What you have to do => Go through the listing and copy every line word for word.

::::::::::

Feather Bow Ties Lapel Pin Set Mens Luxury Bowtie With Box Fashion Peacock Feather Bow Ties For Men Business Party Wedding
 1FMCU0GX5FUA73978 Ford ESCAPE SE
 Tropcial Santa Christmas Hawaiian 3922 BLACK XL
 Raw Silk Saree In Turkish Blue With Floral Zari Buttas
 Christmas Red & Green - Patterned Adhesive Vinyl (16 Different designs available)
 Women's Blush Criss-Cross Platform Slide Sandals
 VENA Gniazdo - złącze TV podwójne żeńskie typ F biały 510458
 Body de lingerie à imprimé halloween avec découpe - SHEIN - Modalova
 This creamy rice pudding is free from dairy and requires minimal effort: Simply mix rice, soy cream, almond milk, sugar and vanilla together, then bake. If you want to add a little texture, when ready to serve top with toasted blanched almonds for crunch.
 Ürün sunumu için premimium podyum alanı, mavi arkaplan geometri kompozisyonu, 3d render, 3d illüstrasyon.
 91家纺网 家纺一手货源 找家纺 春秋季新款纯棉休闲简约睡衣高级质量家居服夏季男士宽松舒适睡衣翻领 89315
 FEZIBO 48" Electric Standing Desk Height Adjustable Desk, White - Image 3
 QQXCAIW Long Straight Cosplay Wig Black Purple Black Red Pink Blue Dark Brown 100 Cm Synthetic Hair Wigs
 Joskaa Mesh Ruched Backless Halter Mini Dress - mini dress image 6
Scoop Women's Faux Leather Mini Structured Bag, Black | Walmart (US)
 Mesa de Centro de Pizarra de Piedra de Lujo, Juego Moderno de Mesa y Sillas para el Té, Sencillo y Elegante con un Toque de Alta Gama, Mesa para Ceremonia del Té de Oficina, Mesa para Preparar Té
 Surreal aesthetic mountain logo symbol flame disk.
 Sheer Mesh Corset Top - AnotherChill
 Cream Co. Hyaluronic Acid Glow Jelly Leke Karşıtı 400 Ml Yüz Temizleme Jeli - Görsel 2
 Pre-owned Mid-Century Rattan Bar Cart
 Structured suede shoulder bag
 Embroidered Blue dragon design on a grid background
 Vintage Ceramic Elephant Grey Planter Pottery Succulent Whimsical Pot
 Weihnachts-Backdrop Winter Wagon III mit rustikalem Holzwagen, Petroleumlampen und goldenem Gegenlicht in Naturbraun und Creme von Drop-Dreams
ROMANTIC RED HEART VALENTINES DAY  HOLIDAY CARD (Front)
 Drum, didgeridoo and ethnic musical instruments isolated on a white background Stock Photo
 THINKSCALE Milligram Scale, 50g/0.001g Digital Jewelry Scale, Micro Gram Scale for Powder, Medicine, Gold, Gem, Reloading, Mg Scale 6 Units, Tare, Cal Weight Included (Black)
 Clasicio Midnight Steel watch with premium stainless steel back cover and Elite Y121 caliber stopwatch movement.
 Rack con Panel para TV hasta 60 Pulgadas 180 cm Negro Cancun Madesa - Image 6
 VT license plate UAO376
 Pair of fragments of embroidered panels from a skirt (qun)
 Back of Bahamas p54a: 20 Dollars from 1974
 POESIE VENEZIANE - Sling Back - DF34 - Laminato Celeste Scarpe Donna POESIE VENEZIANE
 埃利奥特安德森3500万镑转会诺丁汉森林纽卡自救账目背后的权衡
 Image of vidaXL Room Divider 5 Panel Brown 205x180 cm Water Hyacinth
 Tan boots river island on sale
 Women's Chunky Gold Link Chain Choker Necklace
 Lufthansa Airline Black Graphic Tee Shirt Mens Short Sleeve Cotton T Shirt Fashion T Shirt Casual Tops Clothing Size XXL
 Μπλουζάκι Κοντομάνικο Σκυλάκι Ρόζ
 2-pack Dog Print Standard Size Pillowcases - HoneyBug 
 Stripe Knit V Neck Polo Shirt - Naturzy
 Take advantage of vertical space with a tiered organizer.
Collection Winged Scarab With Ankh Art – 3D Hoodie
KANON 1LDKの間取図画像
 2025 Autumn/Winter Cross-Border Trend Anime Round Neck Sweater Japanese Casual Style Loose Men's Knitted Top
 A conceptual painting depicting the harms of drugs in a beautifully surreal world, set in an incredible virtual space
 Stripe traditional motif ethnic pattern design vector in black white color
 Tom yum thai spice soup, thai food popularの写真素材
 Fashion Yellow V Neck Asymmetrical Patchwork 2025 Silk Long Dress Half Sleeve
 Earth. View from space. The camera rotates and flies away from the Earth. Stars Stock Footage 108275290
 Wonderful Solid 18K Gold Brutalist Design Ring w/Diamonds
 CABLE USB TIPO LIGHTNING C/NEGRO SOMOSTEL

::::::::::

Result of the task =>
Feather Bow Ties Lapel Pin Set Mens Luxury Bowtie With Box Fashion Peacock Feather Bow Ties For Men Business Party Wedding
 1FMCU0GX5FUA73978 Ford ESCAPE SE
 Tropcial Santa Christmas Hawaiian 3922 BLACK XL
 Raw Silk Saree In Turkish Blue With Floral Zari Buttas
 Christmas Red & Green - Patterned Adhesive Vinyl (16 Different designs available)
 Women's Blush Criss-Cross Platform Slide Sandals
 VENA Gniazdo - złącze TV podwójne żeńskie typ F biały 510458
 Body de lingerie à imprimé halloween avec découpe - SHEIN - Modalova
 This creamy rice pudding is free from dairy and requires minimal effort: Simply mix rice, soy cream, almond milk, sugar and vanilla together, then bake. If you want to add a little texture, when ready to serve top with toasted blanched almonds for crunch.
 Ürün sunumu için premimium podyum alanı, mavi arkaplan geometri kompozisyonu, 3d render, 3d illüstrasyon.
 91家纺网 家纺一手货源 找家纺 春秋季新款纯棉休闲简约睡衣高级质量家居服夏季男士宽松舒适睡衣翻领 89315
 FEZIBO 48" Electric Standing Desk Height Adjustable Desk, White - Image 3
 QQXCAIW Long Straight Cosplay Wig Black Purple Black Red Pink Blue Dark Brown 100 Cm Synthetic Hair Wigs
 Joskaa Mesh Ruched Backless Halter Mini Dress - mini dress image 6
Scoop Women's Faux Leather Mini Structured Bag, Black | Walmart (US)
 Mesa de Centro de Pizarra de Piedra de Lujo, Juego Moderno de Mesa y Sillas para el Té, Sencillo y Elegante con un Toque de Alta Gama, Mesa para Ceremonia del Té de Oficina, Mesa para Preparar Té
 Surreal aesthetic mountain logo symbol flame disk.
 Sheer Mesh Corset Top - AnotherChill
 Cream Co. Hyaluronic Acid Glow Jelly Leke Karşıtı 400 Ml Yüz Temizleme Jeli - Görsel 2
 Pre-owned Mid-Century Rattan Bar Cart
 Structured suede shoulder bag
 Embroidered Blue dragon design on a grid background
 Vintage Ceramic Elephant Grey Planter Pottery Succulent Whimsical Pot
 Weihnachts-Backdrop Winter Wagon III mit rustikalem Holzwagen, Petroleumlampen und goldenem Gegenlicht in Naturbraun und Creme von Drop-Dreams
ROMANTIC RED HEART VALENTINES DAY  HOLIDAY CARD (Front)
 Drum, didgeridoo and ethnic musical instruments isolated on a white background Stock Photo
 THINKSCALE Milligram Scale, 50g/0.001g Digital Jewelry Scale, Micro Gram Scale for Powder, Medicine, Gold, Gem, Reloading, Mg Scale 6 Units, Tare, Cal Weight Included (Black)
 Clasicio Midnight Steel watch with premium stainless steel back cover and Elite Y121 caliber stopwatch movement.
 Rack con Panel para TV hasta 60 Pulgadas 180 cm Negro Cancun Madesa - Image 6
 VT license plate UAO376
 Pair of fragments of embroidered panels from a skirt (qun)
 Back of Bahamas p54a: 20 Dollars from 1974
 POESIE VENEZIANE - Sling Back - DF34 - Laminato Celeste Scarpe Donna POESIE VENEZIANE
 埃利奥特安德森3500万镑转会诺丁汉森林纽卡自救账目背后的权衡
 Image of vidaXL Room Divider 5 Panel Brown 205x180 cm Water Hyacinth
 Tan boots river island on sale
 Women's Chunky Gold Link Chain Choker Necklace
 Lufthansa Airline Black Graphic Tee Shirt Mens Short Sleeve Cotton T Shirt Fashion T Shirt Casual Tops Clothing Size XXL
 Μπλουζάκι Κοντομάνικο Σκυλάκι Ρόζ
 2-pack Dog Print Standard Size Pillowcases - HoneyBug 
 Stripe Knit V Neck Polo Shirt - Naturzy
 Take advantage of vertical space with a tiered organizer.
Collection Winged Scarab With Ankh Art – 3D Hoodie
KANON 1LDKの間取図画像
 2025 Autumn/Winter Cross-Border Trend Anime Round Neck Sweater Japanese Casual Style Loose Men's Knitted Top
 A conceptual painting depicting the harms of drugs in a beautifully surreal world, set in an incredible virtual space
 Stripe traditional motif ethnic pattern design vector in black white color
 Tom yum thai spice soup, thai food popularの写真素材
 Fashion Yellow V Neck Asymmetrical Patchwork 2025 Silk Long Dress Half Sleeve
 Earth. View from space. The camera rotates and flies away from the Earth. Stars Stock Footage 108275290
 Wonderful Solid 18K Gold Brutalist Design Ring w/Diamonds
 CABLE USB TIPO LIGHTNING C/NEGRO SOMOSTEL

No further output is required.